In juli 2000, werd verzoekster slachtoffer van een zedendelict. Van dit delict deed zij op het politiebureau van Culemborg aangifte.
In september 2000 kwam verzoekster gedwongen in de prostitutie in Amsterdam terecht. Zij werd mishandeld en wist na een periode van zeven maanden te ontsnappen. Na haar ontsnapping verbleef verzoekster een tijd in een opvanghuis in Leeuwarden. Ook van dit ernstige strafbare feit deed verzoekster aangifte bij twee ambtenaren van het regionale politiekorps Amsterdam-Amstelland.
De politieambtenaren deelden verzoekster mee dat haar aangifte naar het politiebureau van Culemborg zou worden gestuurd, ter verdere afhandeling. Hier werd toe besloten omdat de verdachte in deze zaak ook verdachte was in de andere zedenzaak, waarvan verzoekster aangifte had gedaan. Het leek de Amsterdamse agenten beter om de zaak door hun collega's van het regionale politiekorps Gelderland-Zuid te laten afhandelen.
Later werd besloten om de tweede aangifte toch door het regionale politiekorps Amsterdam-Amstelland af te laten handelen. Een politieambtenaar legde de aangifte in zijn postvak ter verdere afhandeling en verzending. stuurde. De aangifte werd nooit ontvangen door de politie Amsterdam.

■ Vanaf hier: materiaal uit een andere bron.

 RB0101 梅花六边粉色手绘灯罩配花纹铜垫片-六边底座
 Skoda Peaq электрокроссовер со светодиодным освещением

Verzoekster klaagde erover dat een ambtenaar van het regionale politiekorps Gelderland-Zuid haar aangifte van 3 april 2001, die door het regionale politiekorps Amsterdam-Amstelland ter verdere afhandeling in 2001 is toegestuurd, is kwijtgeraakt.
De Nationale ombudsman oordeelde dat de betrokken politieambtenaar de aangifte niet in zijn postvak had moeten leggen ter verdere afhandeling en verzending. De politieambtenaar had er tenminste voor moeten zorgen dat de aangifte als verzendpost werd geregistreerd, zodat later gecontroleerd had kunnen worden of verzoeksters aangifte daadwerkelijk was verzonden.
De Nationale ombudsman achtte de klacht gegrond wegens strijd met het vereiste van adequate organisatorische voorzieningen.